Hall’s office has not returned a request for comment from Carolina Journal.

“It’s telling that more than 3,600 landowners lost registered rights overnight, yet there was no public notice, no hearing, no explanation from the agency beforehand,” the spokesperson said. “And the repeal just happened to come on the eve of trial in the one case where the WRC’s enforcement practices were under judicial scrutiny.”

The spokesperson added that the key difference is that the RPP required the WRC to confirm through its own process that the applicant actually controlled the fishing rights, and the Landowner Protection Act does not.

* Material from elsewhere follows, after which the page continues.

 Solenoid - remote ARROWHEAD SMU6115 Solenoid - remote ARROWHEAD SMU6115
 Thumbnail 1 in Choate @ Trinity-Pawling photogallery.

“That confirmation mattered in our case, and now the agency seems bent on erasing its own paper trail,” they told CJ. “When a landowner purchases property that includes the river bottom, pays value for it, pays taxes on it year after year, and is then told that the public may occupy it at will, the landowner no longer has any greater rights to that property than a stranger.”

Following the dismissal of the administrative case, the Association has decided to take a voluntary dismissal of the lawsuit after not seeing a path forward.

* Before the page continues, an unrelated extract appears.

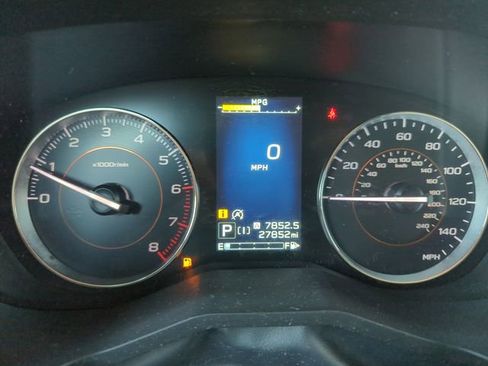 Used 2022 Subaru Crosstrek 2.5i Limited w/ Moonroof Package 2 image 22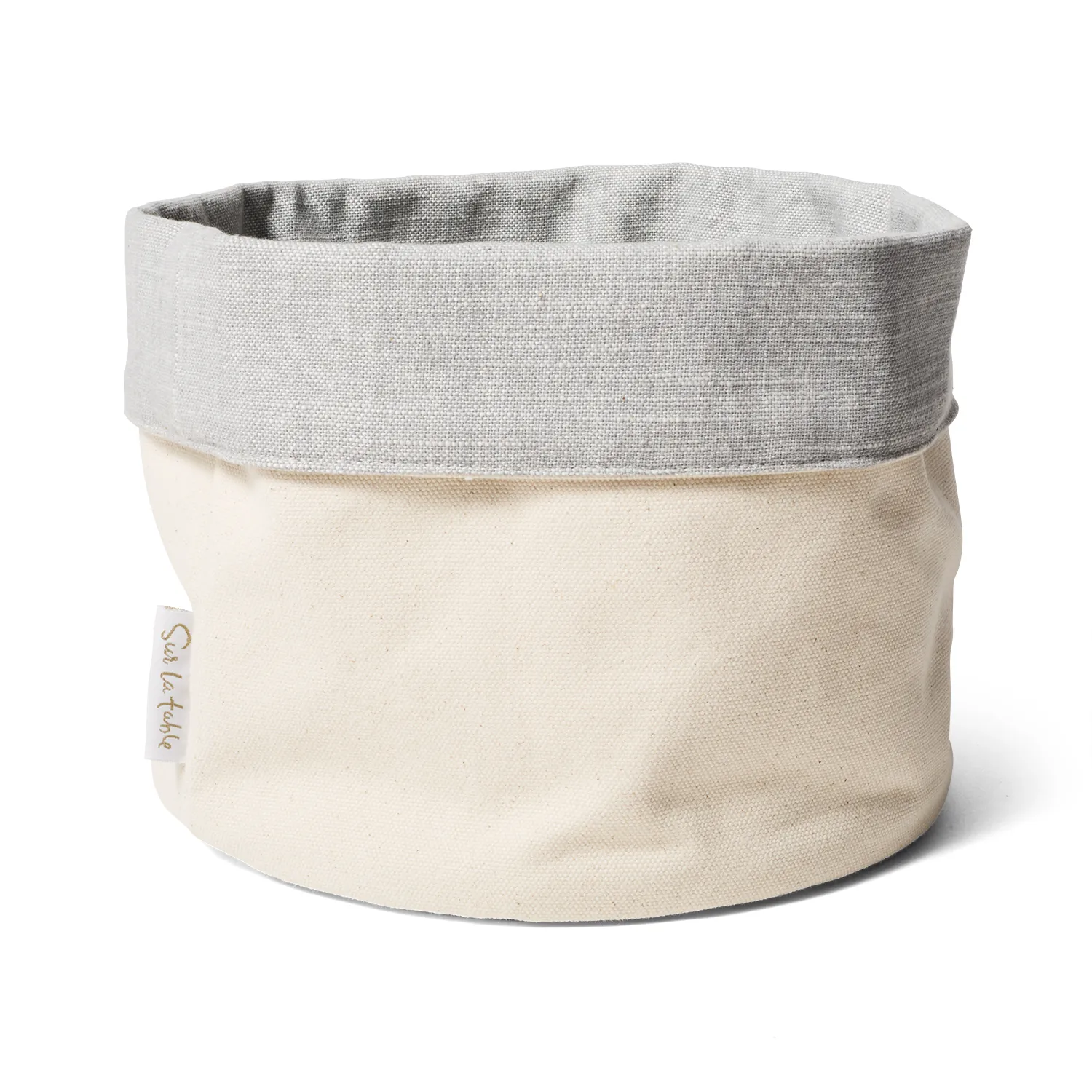 Sur la table Bread Basket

“It’s pretty hard to tell an appellate court that a judge was mistaken for refusing to enforce the statute that doesn’t exist, so it was a difficult decision, but I think the correct one,” the spokesperson told CJ in a phone interview on Monday.

The small community has raised hundreds of thousands of dollars to fight the lawsuit with the WRC, which is represented by the North Carolina Department of Justice, according to the spokesperson.

The Association is evaluating other options, including forming a coalition of landowners, property owners’ associations, and fishing clubs that can pool their resources together to possibly file a new lawsuit and request a declaratory ruling.

Twin Rivers spokesperson told CJ that the community’s residents are disappointed and feel betrayed by a powerful state agency.

“I think the perception is that a government agency that couldn’t prevail under the law consoled itself by unmaking the law,” they said. “This was not moving the goal posts. It was folding up the field at night and calling the game. When this agency realized it would lose in court, it solved the problem by eliminating the law.”